By Eugenio Dessy for cagliariscacchi.com
Published by Chessdom

From 22th to 26th June an International tournament took place in Torre delle Stelle, a beautiful seaside place in Sardinia (Italy). GM Jan Timman was one of the guest players and granted the following interview to Eugenio Dessy, the director of the organizer’s internet site www.cagliariscacchi.com. Photos by Danilo Mallò. Thanks also to SoloScacchi.net for kindly

sending the material.

Q: Mr. Timman, first of all how did you find this place, Torre delle Stelle? Have you ever been in Sardinia?

A: I found everything beautiful. I came here one week in advance and the organization gave me a comfortable house just in front of the beach. This allowed me to go to the sea without failing to prepare the tournament.

I have never been in Sardinia before and I enjoyed it very much. Anyway, I have been in Italy several times, and not only for tournaments. My parents loved Tuscany and when I was a boy we spent there summer holidays for many years.

Q: And which tournaments did you play in Italy?

A: I remember Venice 1974, for example, when GM Liberzon won. I was 23 and when the tournament finished, I stayed some days more to visit the city, together with Italian GM Sergio Mariotti and American IM James Tarjan. We had a good together and it was nice to meet Mariotti here, in Torre delle Stelle, more than 30 years later.

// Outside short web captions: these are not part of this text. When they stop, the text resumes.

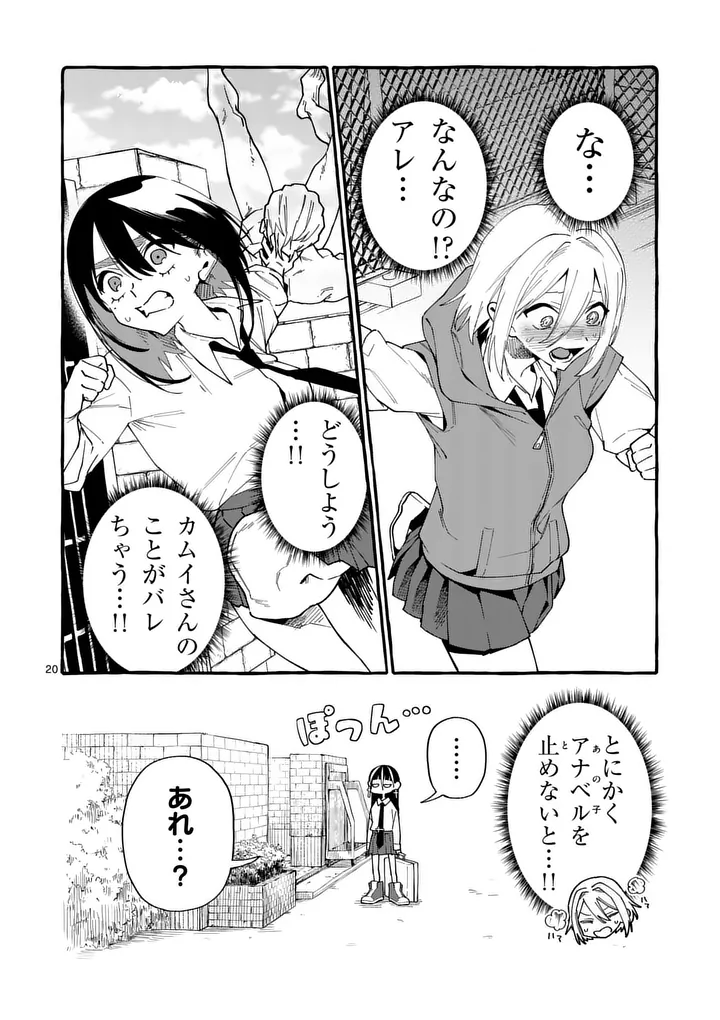 Ushiro no Shoumen Kamui-san Chapter 121 20ページ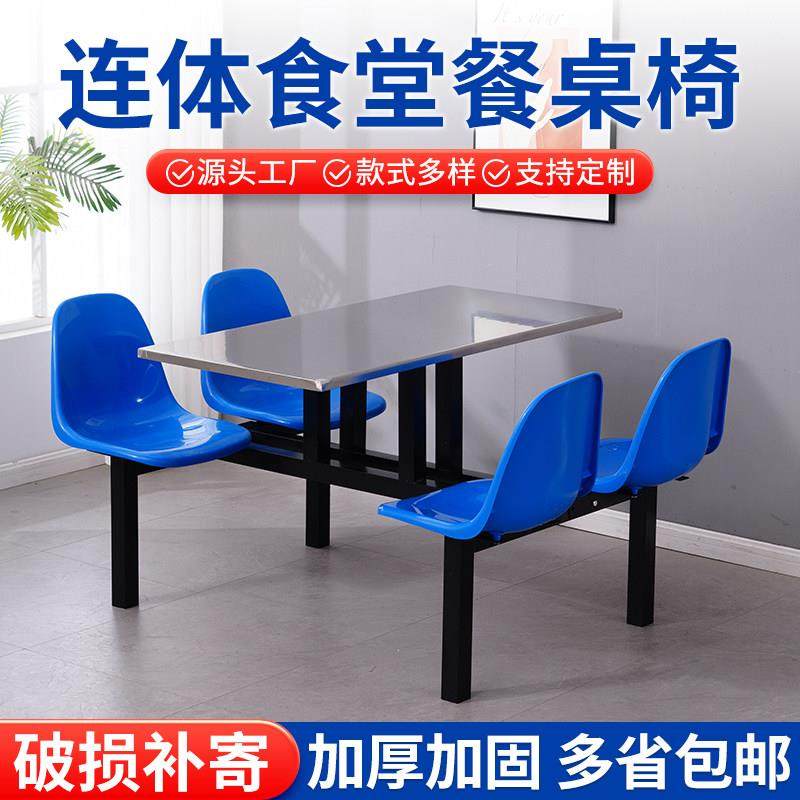 工厂学校学生食堂餐桌椅组合公司员工餐厅4人位不锈钢连体餐桌椅,住宅家具,不锈钢/PVC餐桌,淘宝优惠券,粉丝福利购,淘宝优惠卷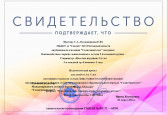  Курсы  23-24 уч.год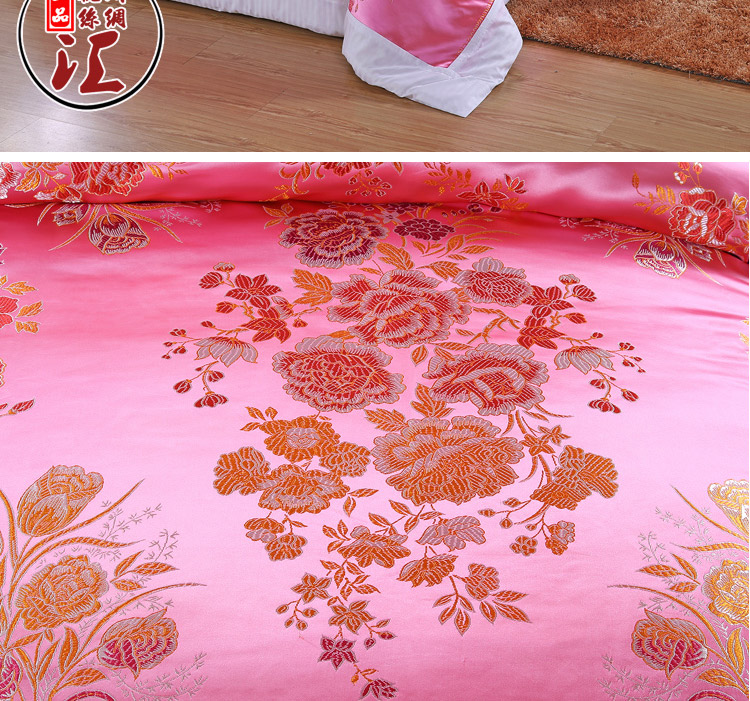 Hàng châu lụa quilt cover cotton quilt cover mềm satin thổ cẩm satin noodle đám cưới đám cưới rồng và phoenix kết hôn quilt cover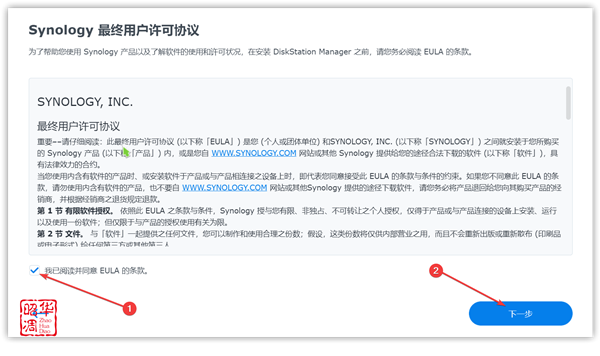 不到2000 DIY一台性能爆棚的私人NAS+定制群晖引导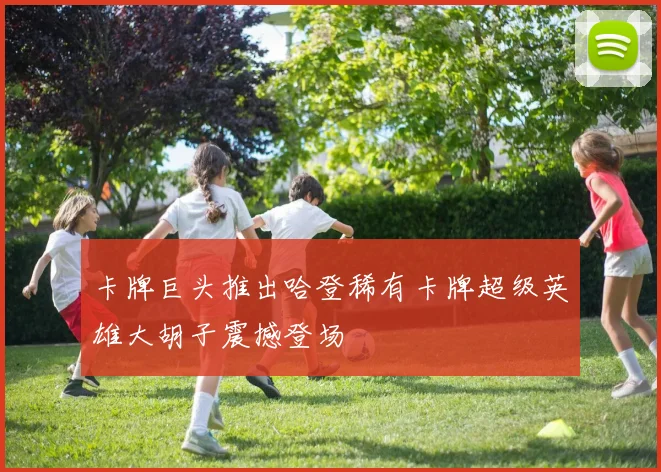 卡牌巨头推出哈登稀有卡牌超级英雄大胡子震撼登场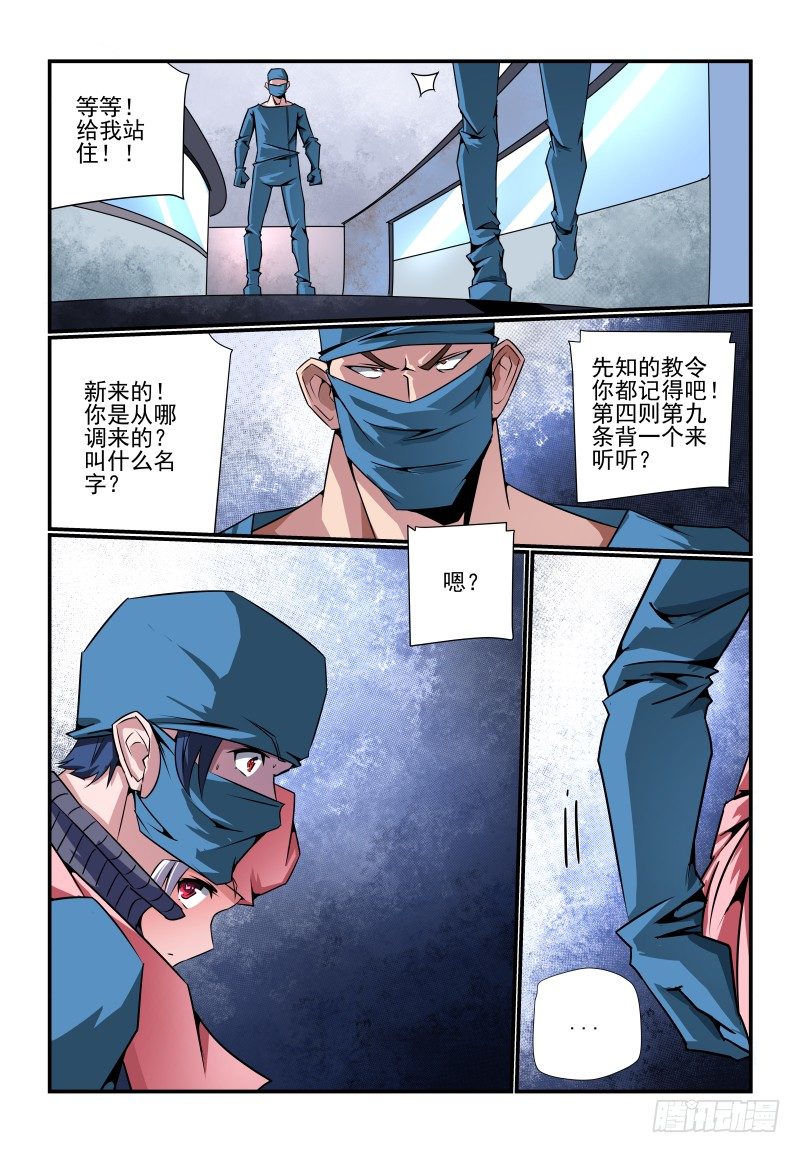 086 赶上热闹了11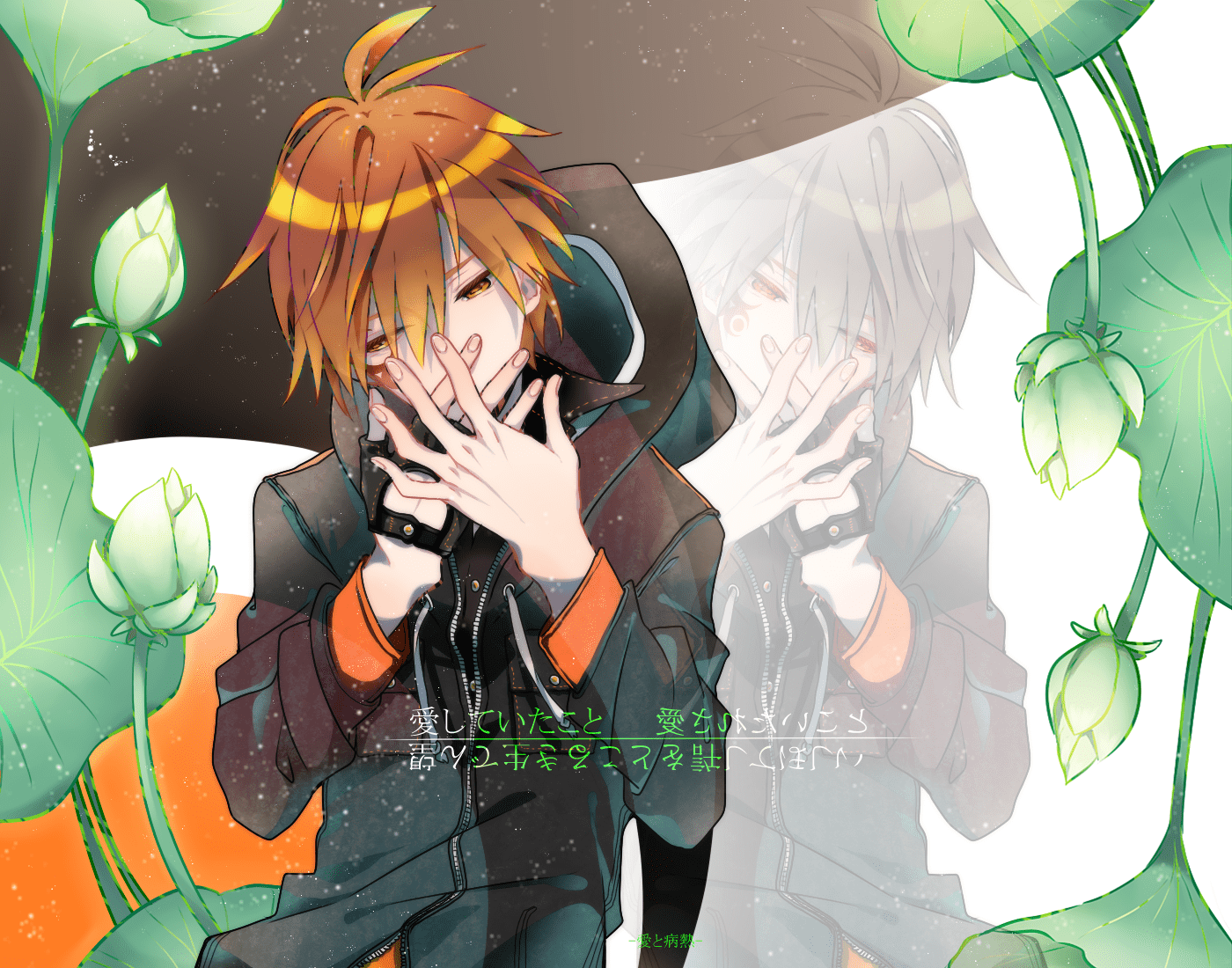 1400x1100 Boku (Zaregoto), Zaregoto Series Anime Image Board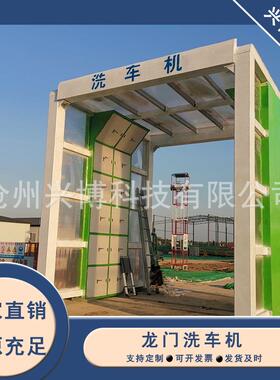 自动搅拌工外程龙门式全封闭式洗机LXO车 站红线感应洗轮机清洗平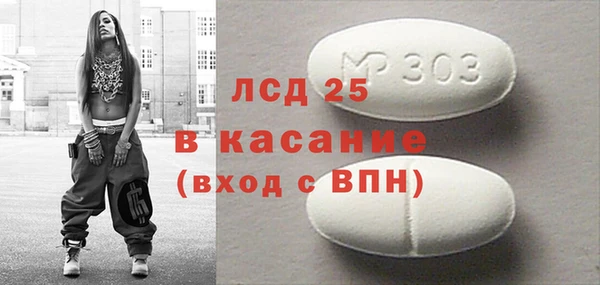 дистиллят марихуана Верея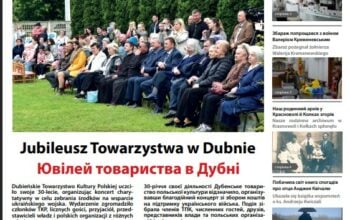 Monitor Wołyński 10/2025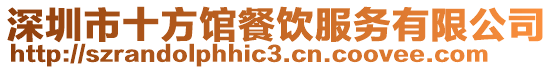 深圳市十方館餐飲服務有限公司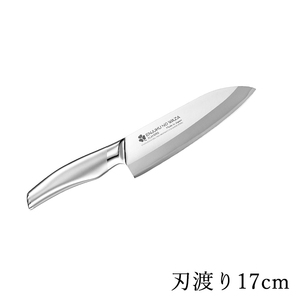 包丁 三徳包丁 ステンレス 170mm 贈り物 ギフト 燕熟の技 YKM-0114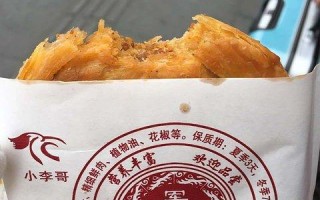 正宗军屯锅盔在哪里（苏州哪里有军屯锅盔）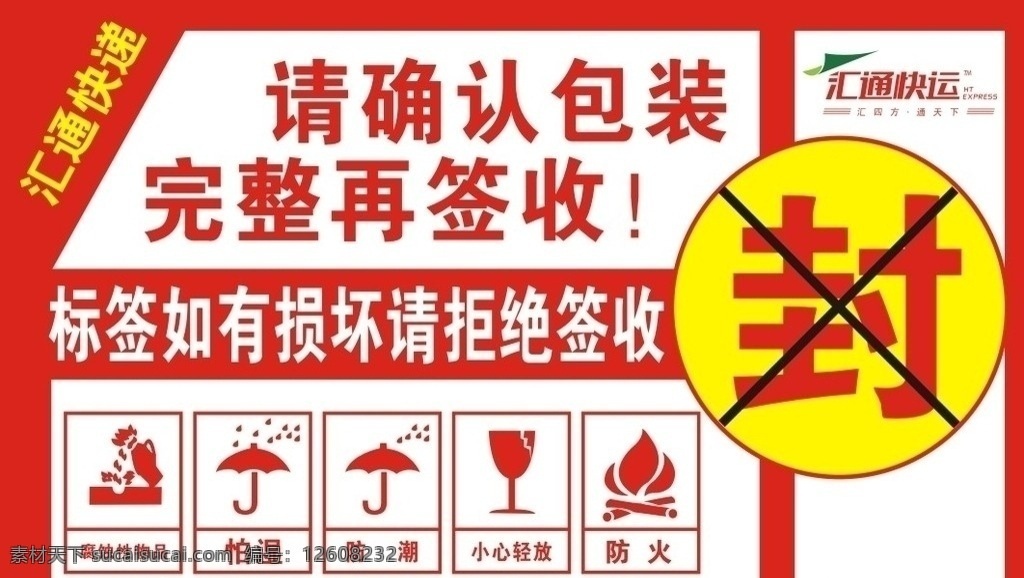 小心轻放 防腐 防潮 怕湿 防火标志 汇通标志 矢量 快递 包装 温馨 提示 名片卡片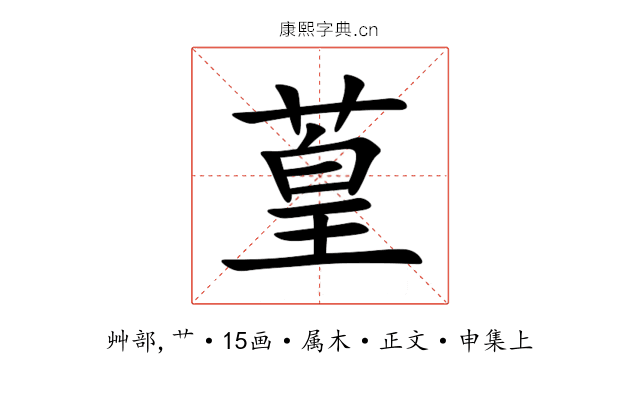 葟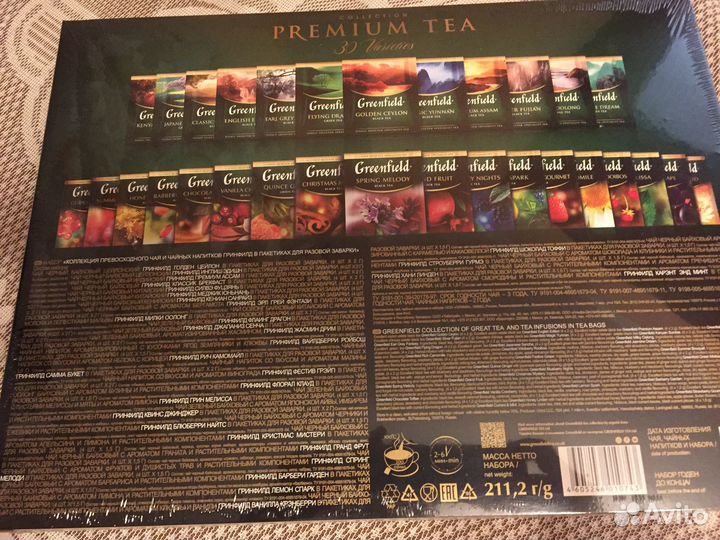 Набор Greenfield collection Premium tea бронь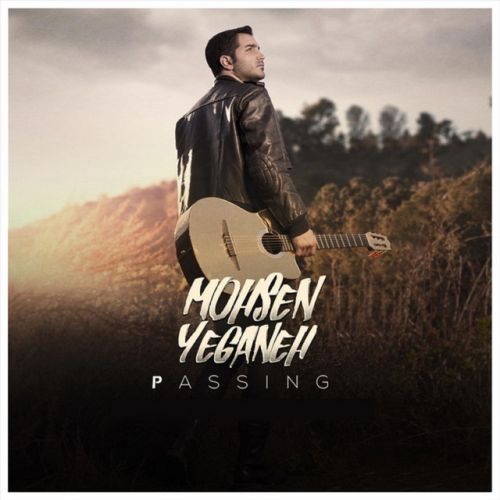 دانلود آهنگ Passing (Oboor) از Mohsen Yeganeh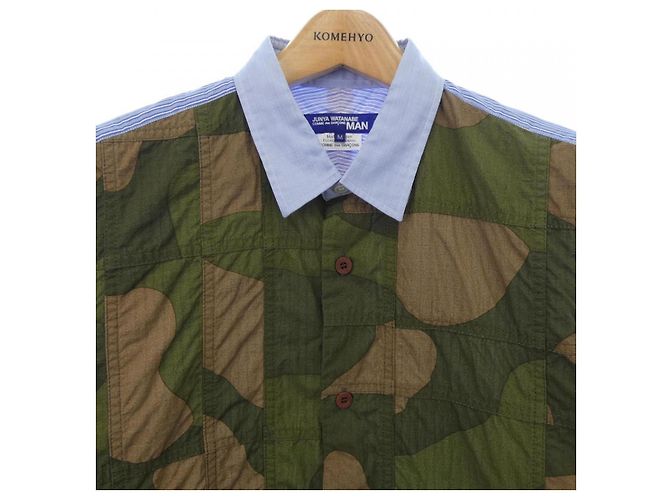 Autre Marque Camicia Junya Watanabe Man WC-B012 Blu Verde Cachi - vista 5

I remember also Reggio Emilia 1984-85, a very strong tournament (Lajos Portisch was the winner) and more recently, in 2000, the European Championship in Saint Vincent, in Val D’Aosta, another beautiful Italian region.

Q: What can you tell us about this tournament in Torre delle Stelle?

A: I’m quite satisfied with the third-fourth placement. Even if I strongly wanted to win, you must notice that this was a strong tournament, and moreover we had to play seven games in five days, with two double rounds, and I’m 59 years old. You may say that I’m not so old, but in such conditions young players are certainly the favourites. I hope that next year there will be a 9 rounds tournament with one game per day.

Q: We know this tournament was the first for you in 2011. What did you plan for the rest of the year?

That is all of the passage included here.